KEY POINTS:
Heritage enthusiast Bob Macintyre is offering ratepayers a free alternative to a gold-plated encasement of the century-old Newmarket station building on a concourse high above railway tracks.
The Auckland Regional Council has been asked by its transport authority for $31.4 million for a remodelled station, including $5 million to move the building to an elevated concourse jutting off Remuera Rd.
That would have to be extra to $40 million which the Government agency Ontrack has pledged for two new "island" platforms to fit three sets of tracks, beside which there would be no room for the building.
Concept drawings of the station were shown to an ARC committee meeting in public session but released to the Herald on Friday only in response to an Official Information Act request.
Mr Macintyre is aghast at the plan, fearing the building would look like a large "boatshed up on stilts".
"It would end up looking like the Queens Head Tavern - never quite right. And that is what we do in Auckland all the time."
His first preference would be to leave it where it was built in 1908 under railways architect Sir George Troup, nicknamed "Gingerbread George" for his design of Dunedin's famously ornate station.
But failing that, Mr Macintyre is offering to move the Newmarket building, at his cost, to the site of a demolished station of similar vintage beside the southern railway line at Ellerslie.
That is just over a stone wall from his own historic home, which was in 1913 the first commissioned work of William Henry Gummer, who designed the old central railway station and the Wintergardens among other Auckland landmarks.
Newmarket Business Association general manager Cameron Brewer welcomes Mr Macintyre's scheme, saying he can find no enthusiasm among members for the concourse plan, which would "only create a complete hodge-podge" in such a tight space. He said if transport authorities could not restore the original station to its former glory, they should find another worthy home for it.
Auckland Suburban Rail Handbook author Sean Millar also prefers to leave it in place, but believes the concourse could be a suitable second choice - particularly if it meant restoring the building as part of a "working station".
Mr Macintyre is no novice at restoring historic buildings, having moved a 200-tonne bluestone cottage from Timaru to Lake Pukaki and rebuilding it to its original state.
He said the Newmarket building would be more visible to Southern Motorway traffic than the nearby Troup-era Remuera Station building and signals box, which are partly obscured by an embankment.

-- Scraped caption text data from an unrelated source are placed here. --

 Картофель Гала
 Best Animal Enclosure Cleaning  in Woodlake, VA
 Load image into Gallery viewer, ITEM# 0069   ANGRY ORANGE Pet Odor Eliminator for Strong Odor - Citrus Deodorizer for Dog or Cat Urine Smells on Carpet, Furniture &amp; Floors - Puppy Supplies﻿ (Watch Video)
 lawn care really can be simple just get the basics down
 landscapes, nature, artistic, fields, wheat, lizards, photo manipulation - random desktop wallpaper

Although the public would not have open access, he envisaged turning it into a creativity centre where arts groups could hold occasional exhibitions.
Mr Macintyre, who owns a shipping freight company, offered a year ago to buy the Newmarket building and its signals box for a "peppercorn consideration" in return for removing and restoring it at no cost to ratepayers.

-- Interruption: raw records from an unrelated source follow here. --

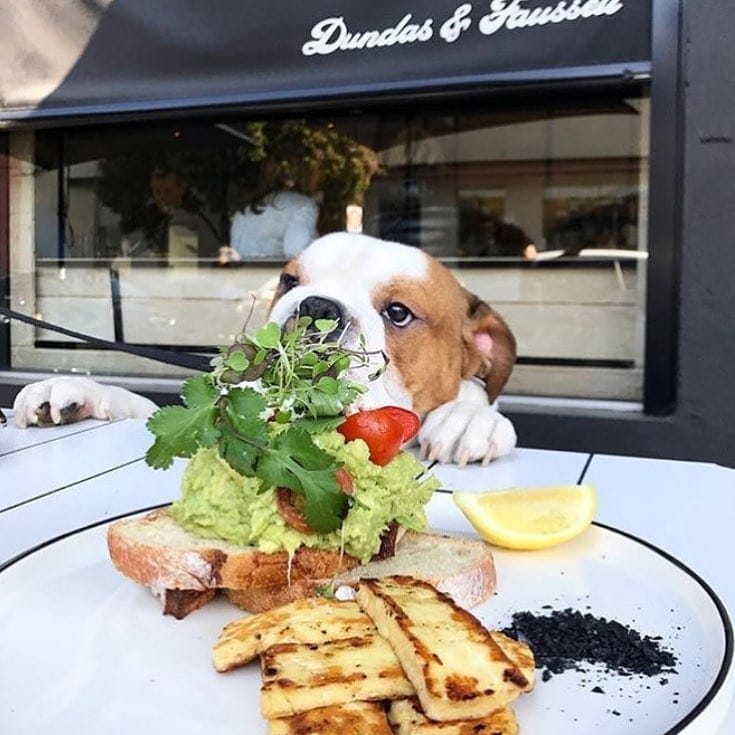 A sweet pup with its paws up on the table, eagerly anticipating some delicious food crafted with love for the humans in this dog-friendly cafe in Melbourne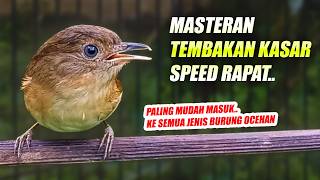 Download lagu MASTERAN FULL NEMBAK KASAR PANJANG! FLAMBOYAN GACOR NYERECET NGEROL NGEBREN NGEKEK NON NYIUL NYULING
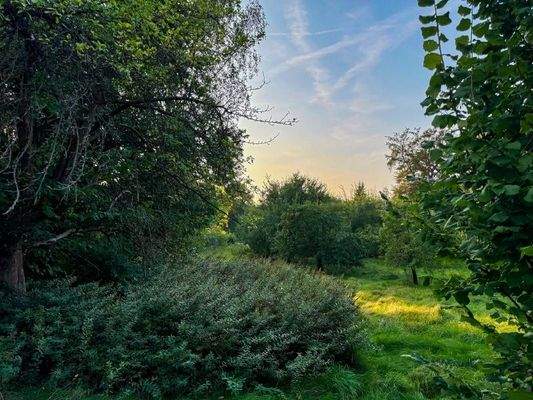 Platz zum Grasen (2)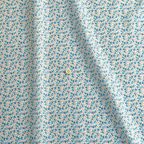 ���̑��̉摜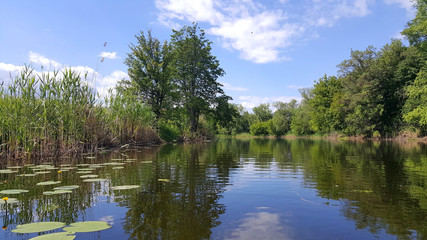 Fototapeta premium Sunny day on the quiet river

That followed an invitation from consultants for expressions of interest, and his discovery near his property of the remains of a 93m concrete platform.
He and wife Debra made the find while clearing weeds for native plantings on railside land they have leased from Ontrack for beautification.

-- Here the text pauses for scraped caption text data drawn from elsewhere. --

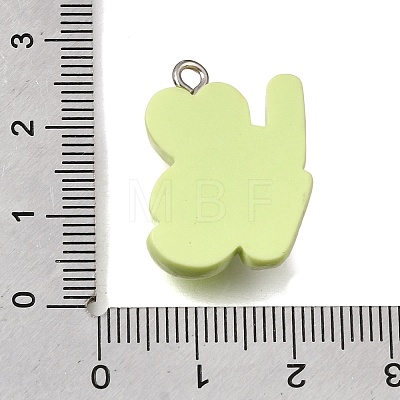 Opaque Resin Pendants RE-CBAA178-06P-1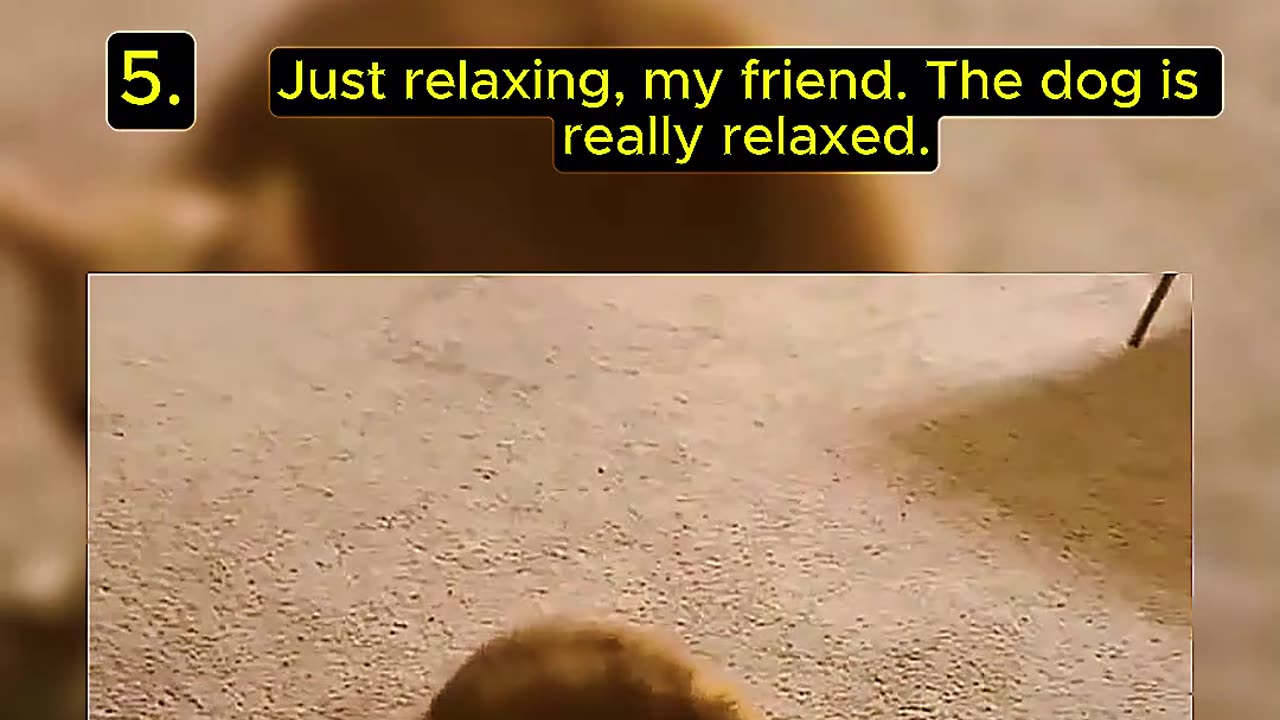 5 Random and Perfect Cat Moments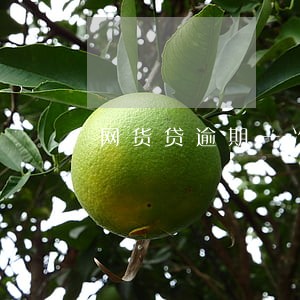 网货贷逾期一次会怎样 网货贷逾期一次会怎样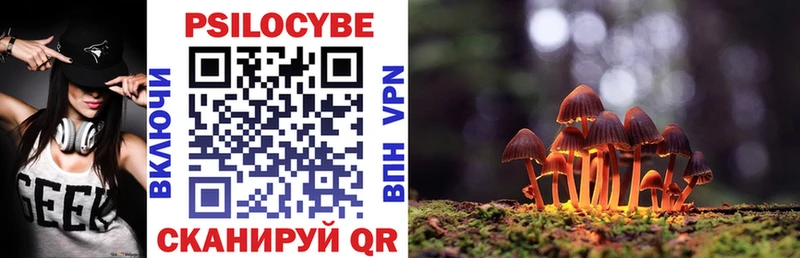 Галлюциногенные грибы Psilocybine cubensis  ссылка на мегу ссылка  Бакал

They then found that the platform was part of a station built in 1908 and used to carry Auckland's gentry to Ellerslie race-day meetings before being demolished in the 1950s.
The couple have also leased an underpass and ramp through which rail passengers reached the race-track.
But despite determining it would cost no more than about $80,000 to move the Newmarket buildings, Mr Macintyre had no response to his proposal.
A regional council report refers only to the investigation of nine possible sites around Newmarket, out of which the Historic Places Trust advised that the concourse proposal was the most consistent with heritage principles. The trust concluded that, despite its elevation, the station's alignment would be maintained parallel to the tracks and it would maintain an important presence and link with central Newmarket.
But the authority's architectural consultants said it could have "an incongruous appearance" and might have to lose its three large brick chimneys, described as "a significant feature of the Troup Edwardian buildings". The council has asked the transport authority for more investigations on the concourse option and other fundamental aspects of the Newmarket redevelopment.